• Description of the task:
Please write out the full listing beneath this line exactly, skipping its images.

Recorded information below:

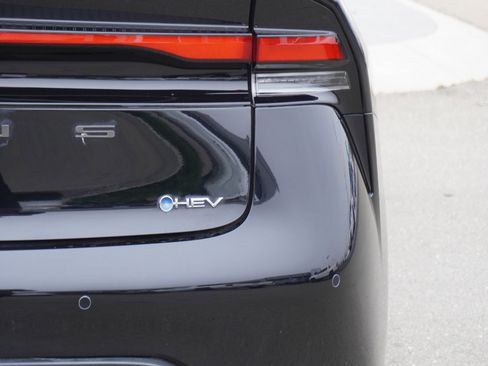 Used 2024 Toyota Prius LE image 10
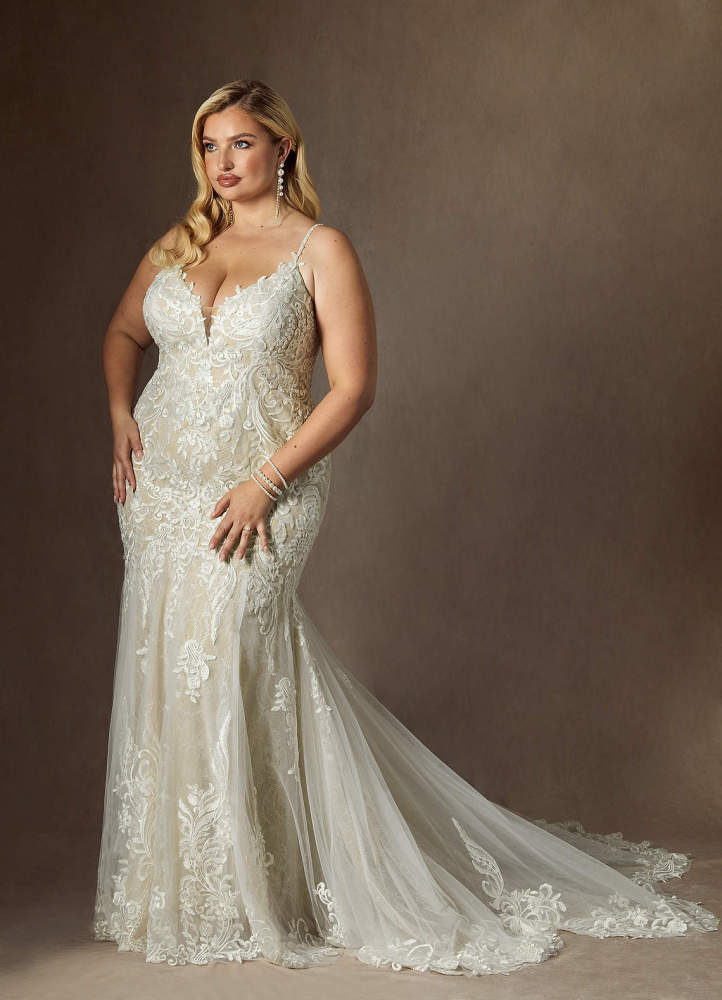 elyessen  Diamond White Mermaid V-Neck Sequins Tulle Dress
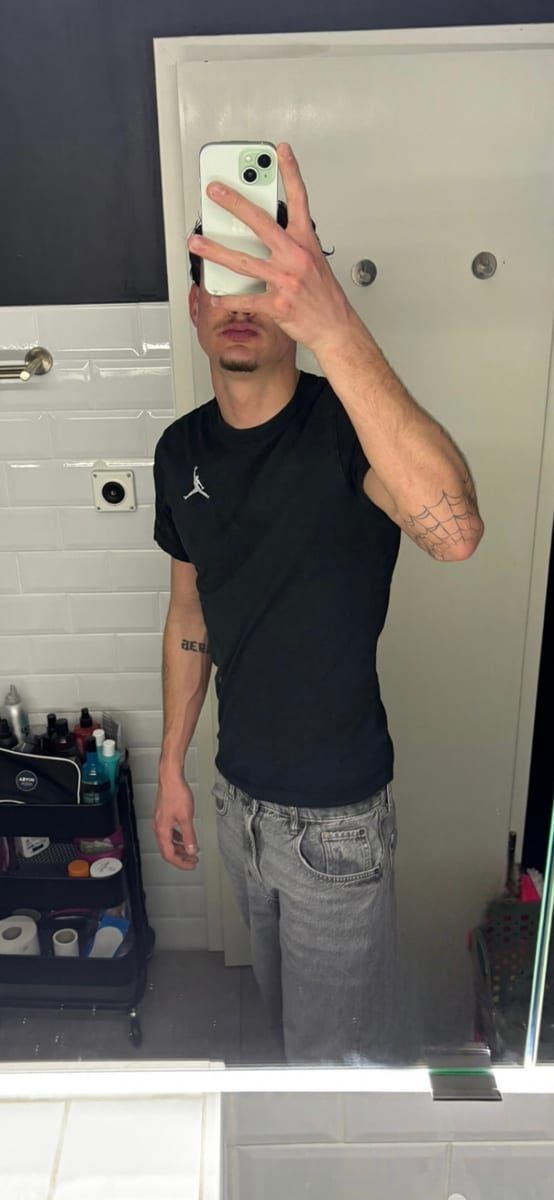 Profil von Djivan, 34 Jahre, Gay in Löcknitz (Mecklenburg-Vorpommern)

End of Recorded information.

• Reply to the task:
 Used 2024 Toyota Prius LE image 10
 elyessen  Diamond White Mermaid V-Neck Sequins Tulle Dress
 Profil von Djivan, 34 Jahre, Gay in Löcknitz (Mecklenburg-Vorpommern)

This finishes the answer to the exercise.